American designer and builder Gregory Kloehn is using salvaged trash to make houses for the homeless. Called the Homeless Homes Project, Kloehn upcycles mobile shelters from items he finds in dumpsters.
The origin of the Homeless Homes Project
Before starting the Homeless Homes Project, Gregory Kloehn was building miniature houses to sell. One day a homeless couple came past and asked if he had a spare tarp. Kloehn didn’t have a tarp but he did have a small wooden house he had built. Then he realised, this was a home that the couple could use.
“I had this home sitting right here,” Kloehn said. “I thought, ‘Why am I keeping it?'”
This marked the beginning of the Homeless Homes Project.
The goal of the Homeless Homes is bringing together imaginative people and discarded materials to make sturdy, innovative and mobile shelters for homeless people.

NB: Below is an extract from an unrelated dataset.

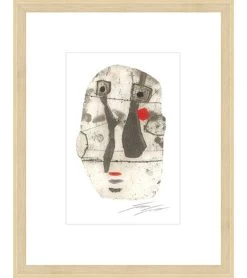Face Of Singha Framed Print -Home Decoration Store 28 20O25 20SINGHA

Each house in the Homeless Homes Project is built with materials found on the street. Pallets, doors, refrigerator parts, discarded plastic sheeting and washing machines are all upcycled into walls, roofs, doors, windows, wheels and locks. Much of the material is from illegally dumped trash piled up on the streets of semi-industrial West Oakland, California.
The foundation and floors of the houses in the Homeless homes Project are typically made from wooden pallets. With the help of volunteers, Kloehn can make a home in 2-3 days out of five pallets. Several homes are also insulated with pizza delivery bags.
Each house is big enough to sleep in, with cut-outs and windows to bring light in. The structures are unique, one repurposes a washing machine door for a window, another uses reflective bike panels across the entryway. Depending on what he finds, Kloehn also brings in homely touches like shelving units, mirrors, cup holders and even paintings.
All of the homes are on wheels so they can be moved to accommodate the mobile lifestyle of their residents. They all also have pitched roofs so that rain runs off. As you could imagine, for homeless people this is a major life improvement. Wonder, one of the homeless people to receive a house from the Homeless Homes project, describes it as the best house she’s had in five years. Her new home is parked next to her former ‘house’, an old sofa draped with a tarp. She opens the front door – made from a discarded picnic table – to showcase the pizza bag insulation. “It gets real hot in here,” she says with a smile.